What Is Music Therapy? Can It Benefit Your Mental Health?
Music therapy is a recognized medical approach that is used to treat various physical and mental disorders. It provides many benefits for patients, especially those who find it difficult to communicate with words or are resistant to conventional treatment. It can be delivered as a standalone therapy or alongside other treatment methods and is applied in various settings, including hospitals, schools, homes and specialist facilities.
Let’s look at the definition of music therapy, along with its benefits and how music therapy can improve your mental health.
What Is the Definition of Music Therapy?
Music therapy is an established form of therapy used in the treatment of physical, emotional, cognitive and social disorders. It is not merely listening to music or learning to play an instrument for catharsis – it is a recognized health profession in its own right.
According to the American Music Therapy Association, the definition of music therapy is:
'The clinical and evidence-based use of music interventions to accomplish individualized goals within a therapeutic relationship.'
In other words, the effectiveness of music therapy has been proven by scientific research. This research shows how music influences human brain activity and behavior, as well as other bodily structures, by activating parts of the brain and helping to create new neural pathways. The results of music therapy can be predicted, observed, measured and reported to aid physical or psychological healing.
What Happens in Music Therapy?
Music therapy sessions are delivered by qualified music therapists. If you attend one of these sessions, your therapist will work with you to help you set goals before outlining your recommended treatment plan. This form of therapy might include creating, singing, moving to and listening to music. You do not need to be a musician or have any musical skill to benefit from music therapy.
What Are the Benefits of Music Therapy for Mental Health?
One of the main benefits of music therapy is that it helps people who find it difficult to communicate in words find alternative ways to express their thoughts and feelings. Research shows that music can provide a number of physical and emotional advantages in therapy, including:
- Facilitates movement
- Increases motivation
- Helps resistant individuals become engaged in their treatment
- Promotes emotional healing
- Acts as an outlet for difficult emotions
- Is enjoyable and creative
The benefits of music therapy don’t stop here. Due to its creative nature, music therapy can also be individualized to reflect your culture and identity, resulting in a more personal therapy experience. Studies show that a treatment that is ‘normalizing' and familiar is often more effective than a traditional approach such as psychoanalysis at treating specific psychological disorders.

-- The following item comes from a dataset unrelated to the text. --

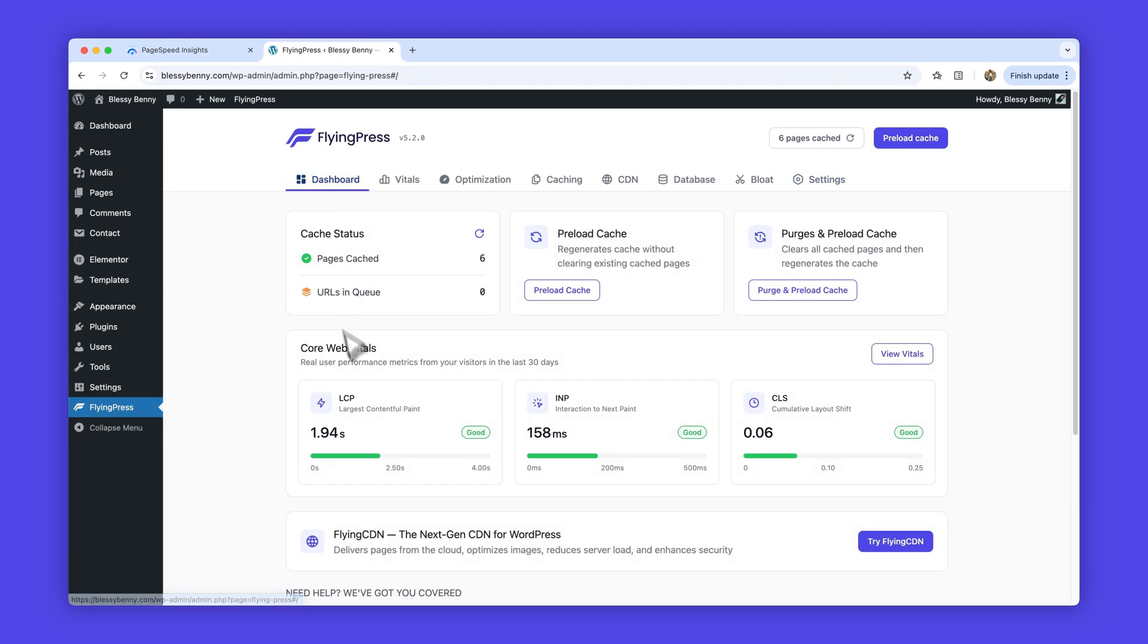Your dashboard shows a snapshot of the last 30 days of LCP, INP, and CLS, so you can see how your site is performing over time.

Music Therapy: Who Benefits, and Does It Really Work?
Music therapy is beneficial for people of all ages (including children and older adults) and is often used to treat people with mental health or developmental needs, as well as those with learning disabilities. It can also be used to treat:
- Substance abuse and addiction
- Brain injuries
- Physical disabilities
- Alzheimer's disease and other aging-related conditions
- Chronic pain
Although music therapy has been used in various forms since the 1800s, it has only been recognized as a treatment for mental health conditions in recent years. In 2011, a study published in The British Journal of Psychiatry, carried out by researchers in Finland and Norway, reported that music therapy could be used to improve treatment of depression.
The trial lasted for three months, in which patients were given 20 one-hour music therapy sessions alongside standard therapy. The results of the trial showed that the participants receiving music therapy had “significantly greater improvement” in their symptoms compared to those who had just received standard treatment.
Music therapy can be extremely beneficial for mental health, but it is not intended to be a replacement for medication or any other form of treatment. You must consult your doctor before altering your treatment plan in any way, and you should only attend sessions delivered by a registered, qualified music therapist.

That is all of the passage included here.